PROVIDED DATA START
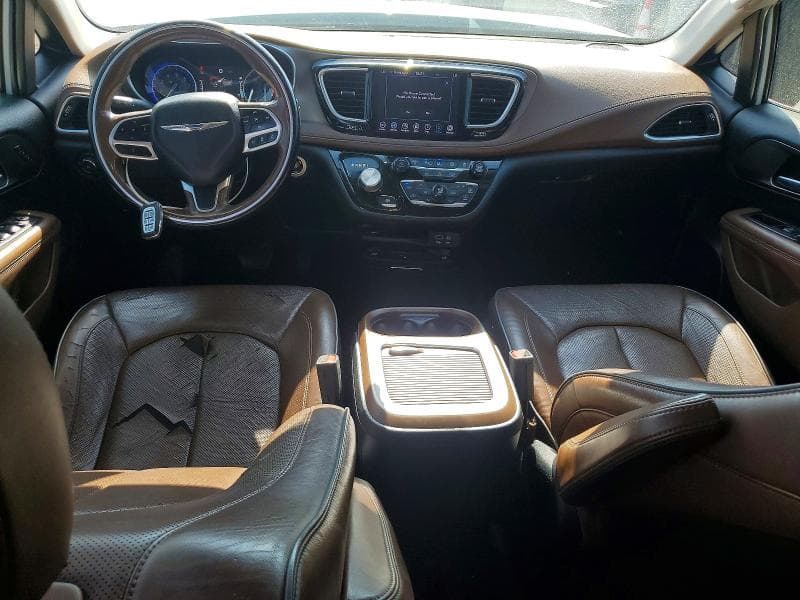2018 CHRYSLER PACIFICA LIMITED 8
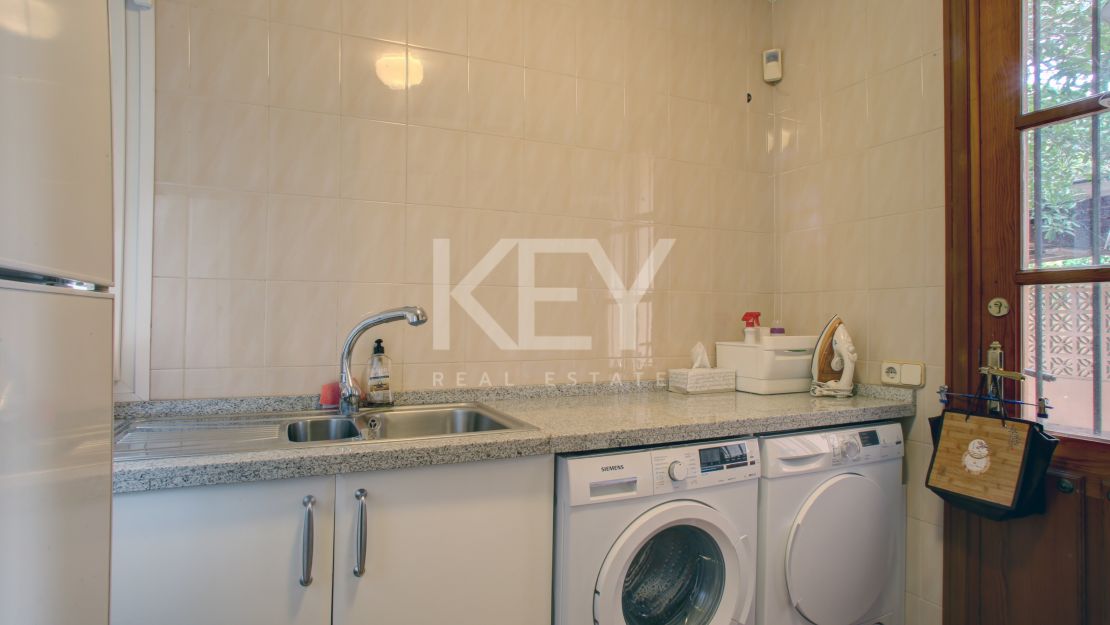 Family villa in El Presidente, Estepona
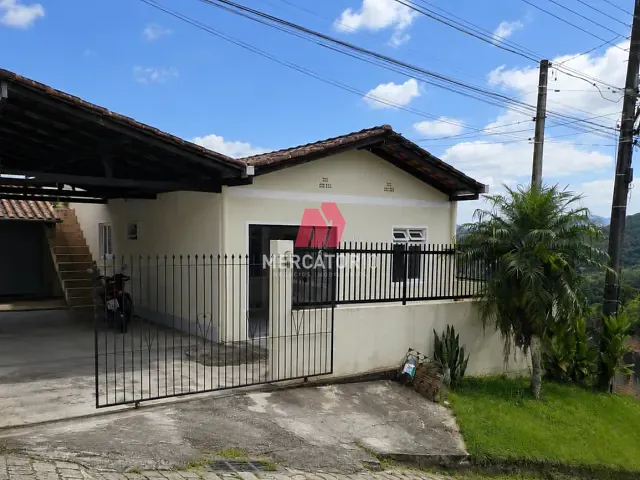 Casa 3 quartos e 1 banheiro, à venda, no bairro Escola Agrícola em Blumenau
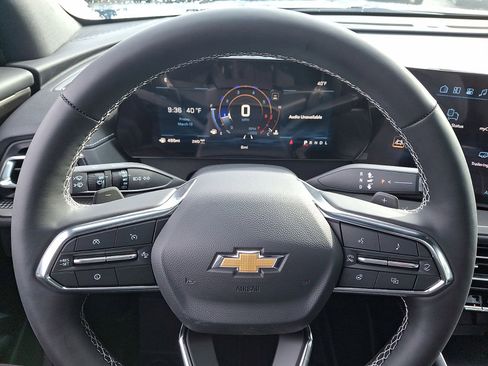 New 2026 Chevrolet Traverse LT w/ Sun and Wheel Package image 17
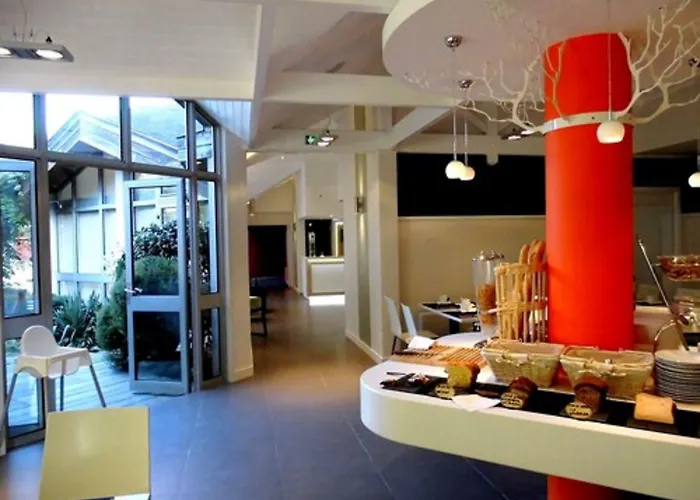 Logis Domaine Du Moulin Cavier Hotel 3*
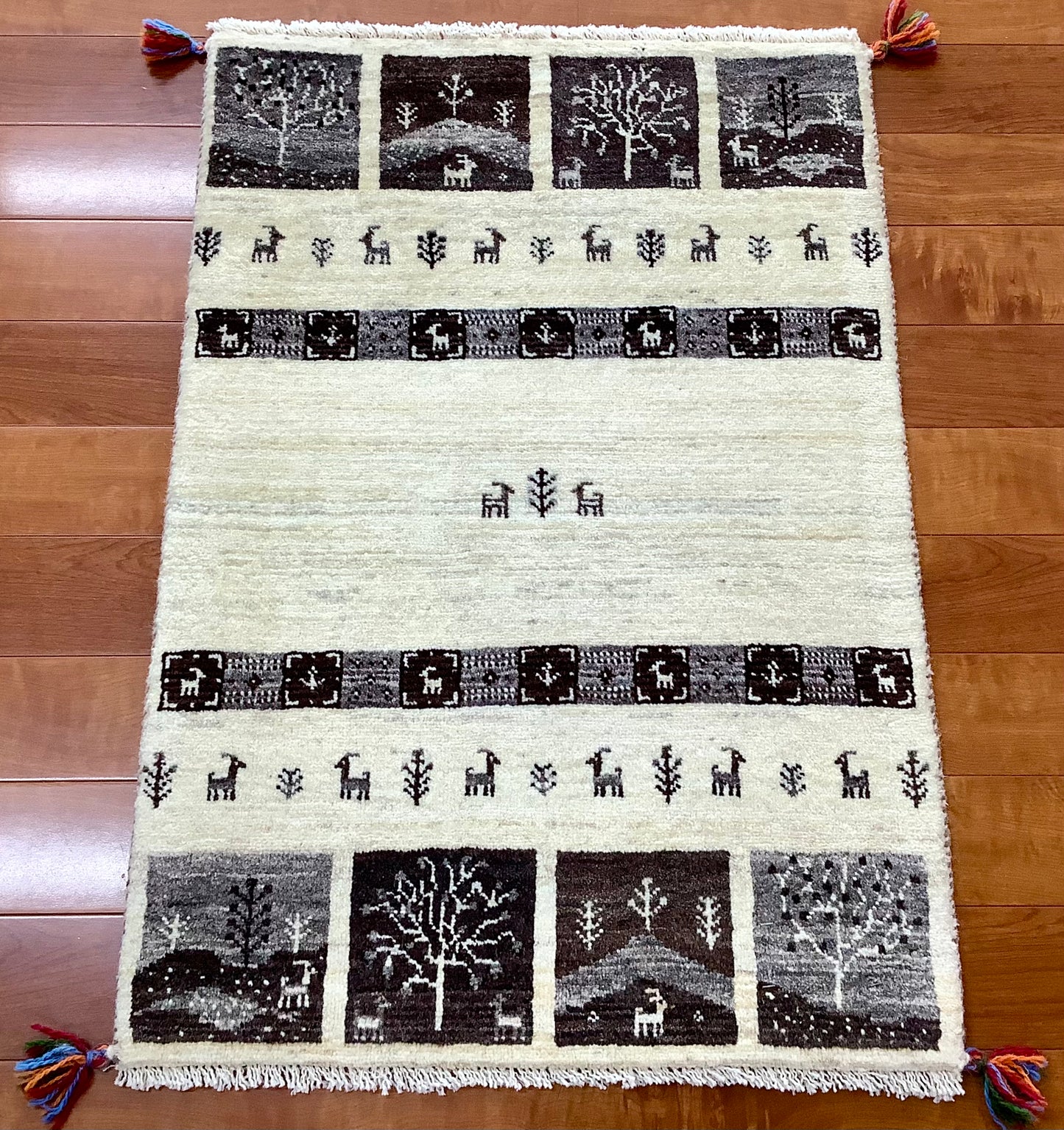 【オンライン限定】カシュクリ 93cm x 63cm RJ3205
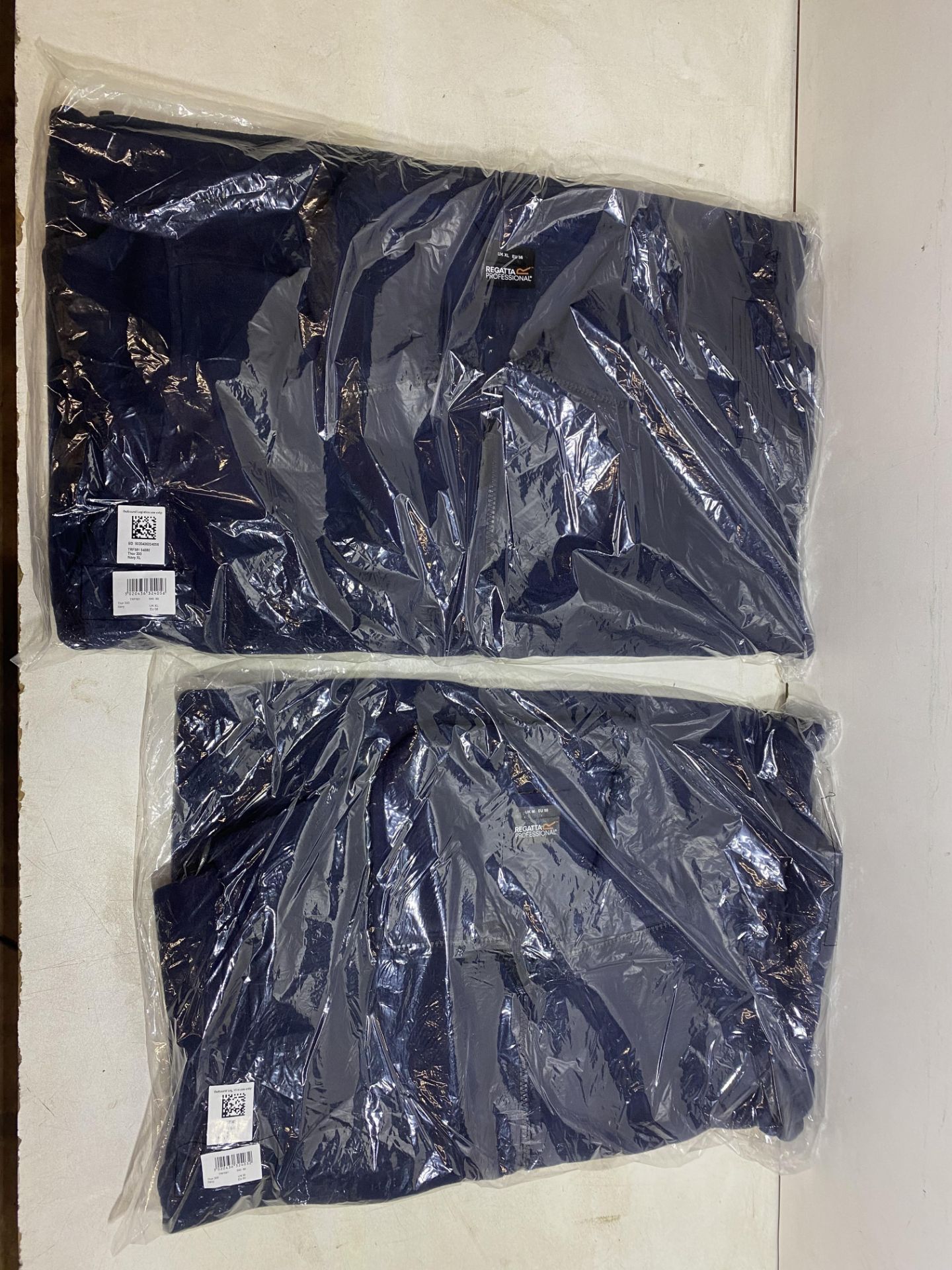 14 x Various Sized Regeta Navy Fleece Jackets - Image 7 of 9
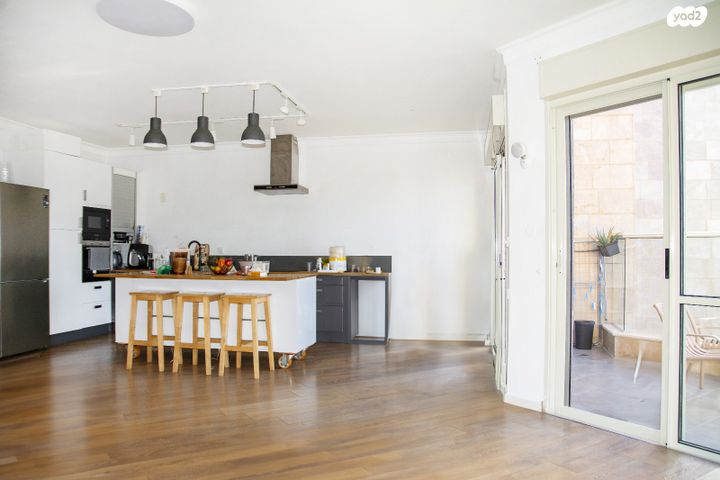 דירה, שדרות מנחם בגין 8, גבעת אולגה, חדרה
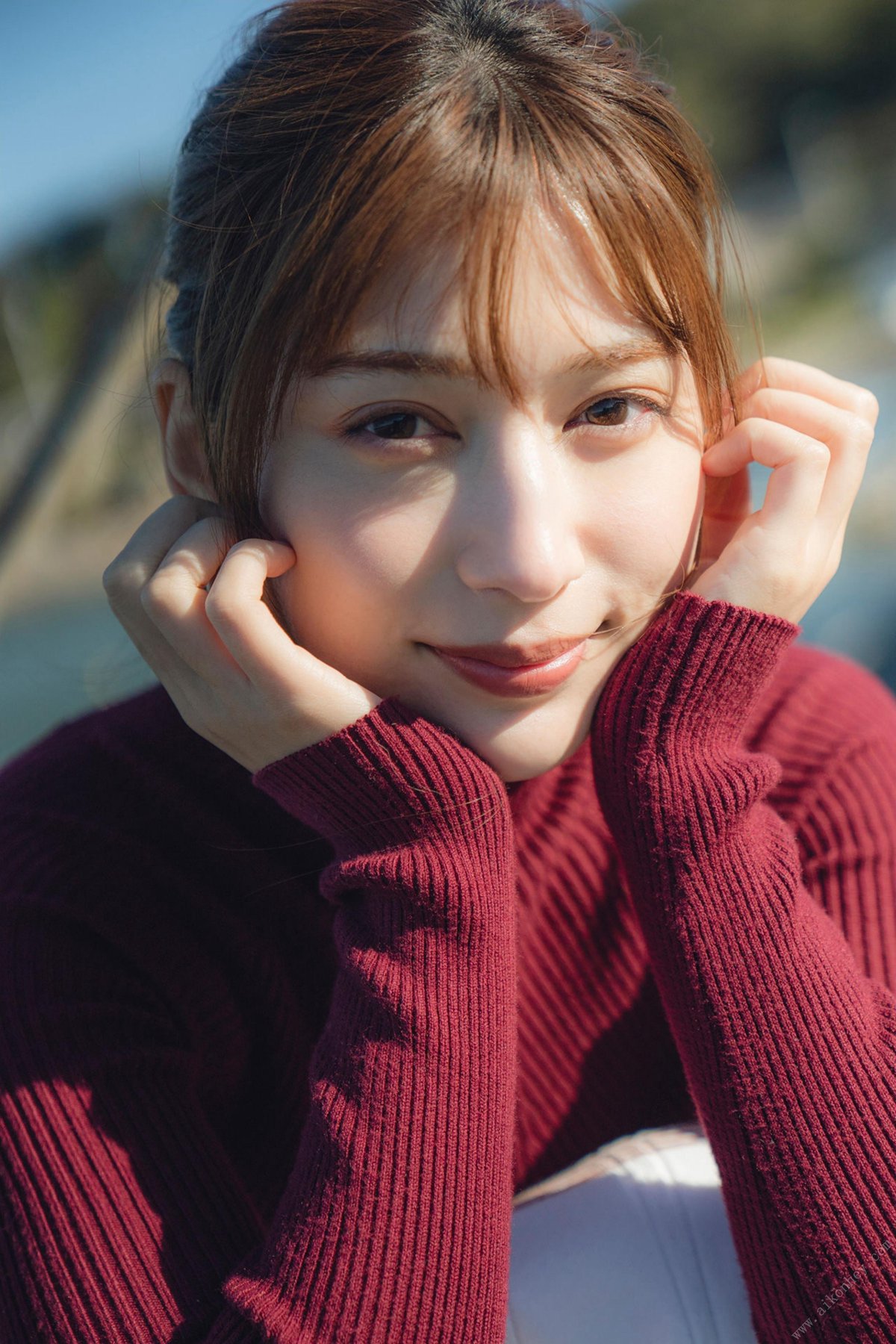 Platinum FLASH Photobook Risa Yukihira 雪平莉左 Ripples can be heard さざ波が聞こえる 2022 02 11 0001 0380740173.jpg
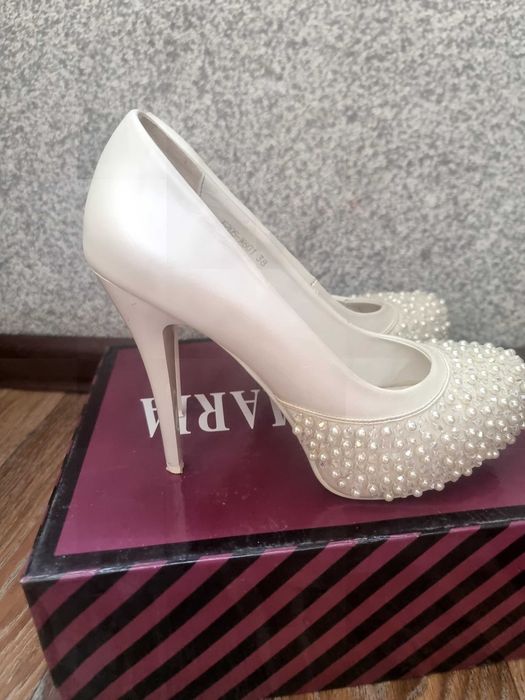 Продам обувь в отличном состоянии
PROVIDED DATA END
Once the pictures are removed, repeat all of the data above exactly.

2018 CHRYSLER PACIFICA LIMITED 8
 Family villa in El Presidente, Estepona
 Casa 3 quartos e 1 banheiro, à venda, no bairro Escola Agrícola em Blumenau
 New 2026 Chevrolet Traverse LT w/ Sun and Wheel Package image 17
 Logis Domaine Du Moulin Cavier Hotel 3*
 【オンライン限定】カシュクリ 93cm x 63cm RJ3205
 14 x Various Sized Regeta Navy Fleece Jackets - Image 7 of 9
 דירה, שדרות מנחם בגין 8, גבעת אולגה, חדרה
 Platinum FLASH Photobook Risa Yukihira 雪平莉左 Ripples can be heard さざ波が聞こえる 2022 02 11 0001 0380740173.jpg
 Продам обувь в отличном состоянии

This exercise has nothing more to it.